To support the logistical base of the resettlement farms and land irrigation, the Drought Fund allocated 1900 rubles loans for the transfer of buildings, 20000 rubles - for household equipment and 2000 rubles - for irrigation of land. Loan for an individual farm was as follows: for the transfer of buildings without horses household received 150 rubles, with 1 horse - 140 rubles, with 2 oxen - 125 rubles, with 2 horses - 110 rubles. To provide the logistics base, each farm was allocated from 80 to 150 rubles by the same criteria. For the population that left the village of Kichkas due to the construction of the DniproGES each farm was provided with 200 rubles, which amounted to 3000 rubles for 15 yards. Also 2000 rubles were allocated for the construction of wells in the settlements (SAZR, f. R-576, d. 1, с. 39, p. 95).

The distribution of credits for the resettlement farms of Zaporizhzhia district was as follows:

Polohovsky district:

1. The settlement Shyroke received 3580 rubles for the transfer of buildings, 5690 rubles - for agricultural implements and equipment.

2. The settlement of Zaporizhzhia - 4258 rubles and 2840 rubles in accordance.

3. Settlement of Kremenchuh - 6048 rubles and 6480 rubles in accordance.

Orikhiv district:

1. The settlement Shyroke - 2144 rubles. and 6120 rubles in accordance.

2. Settlement of Tersa - 1280 rubles for household equipment.

3. Settlement Barvinok - 590 rubles for household equipment (SAZR, f.

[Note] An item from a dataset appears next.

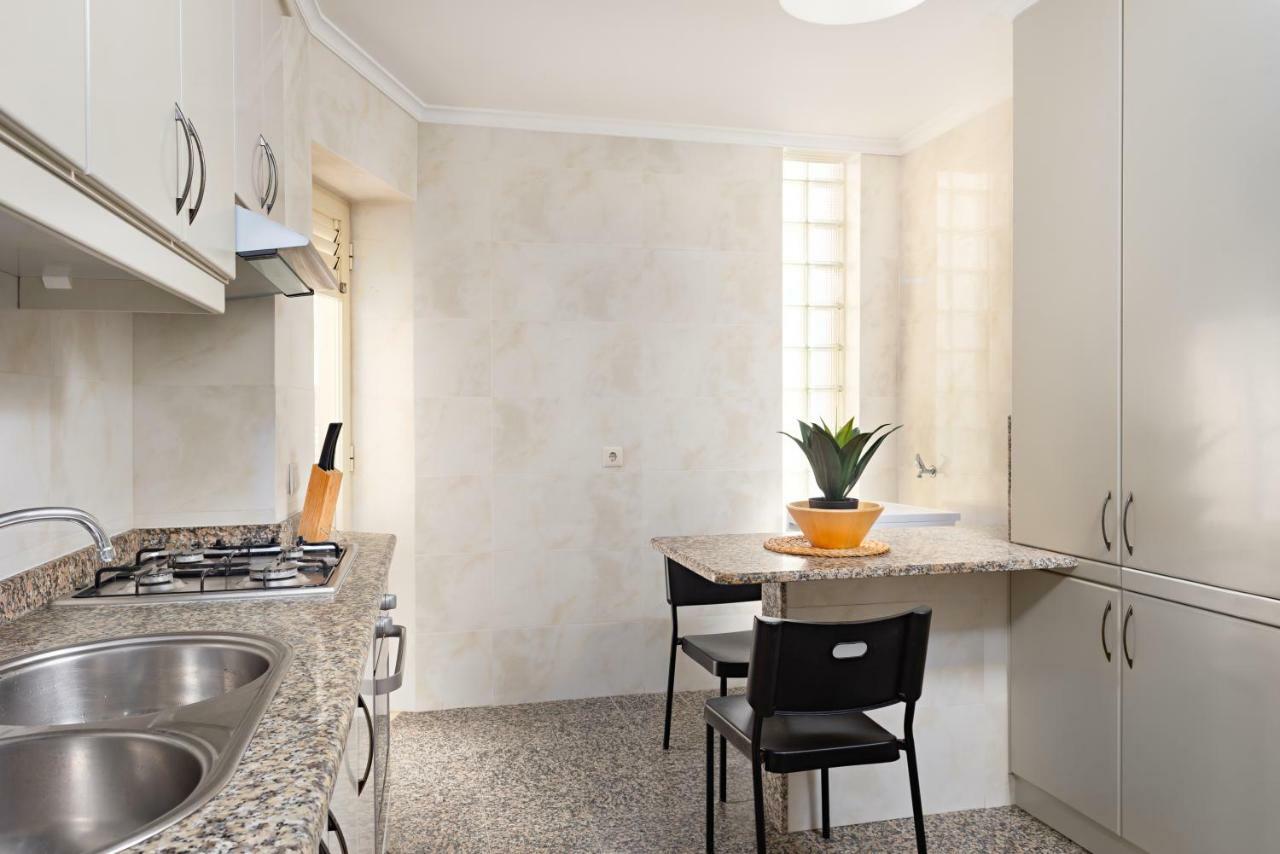 Barramares 1 Apartman Furadouro Kültér fotó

R-576, d. 1, c. 39, p. 95).

It should be noted that a desirable condition for resettlement was the creation of collective farms. In the first half of the 1920s, various forms of collective agricultural production emerged in the German colonies of the south of the Ukrainian SSR. They had combined more than 23% of the population. In 1928, there were only 10 German collective farms in the Ukrainian SSR, and 65 in 1929. As a result of economic pressure on single farms, the number of collective farms increased dramatically in 1930, including the German's - 119 collective farms were created (Chyrko, 2015, p. 101). Dispossessed families were deported to the north-eastern regions of the USSR in the autumn of 1929, during the attack on the so-called kurkuls and the beginning of forced collectivization. Also at that time, part of the mennonites of southern Ukraine tried to leave the country but were returned forcibly. The following year, the Central Committee of the bolsheviks of Ukraine set up special agitation groups to persuade the German population to remain in place and support collectivization (Kozyreva, 2006, p. 330; Shytyuk, 2006, p. 355).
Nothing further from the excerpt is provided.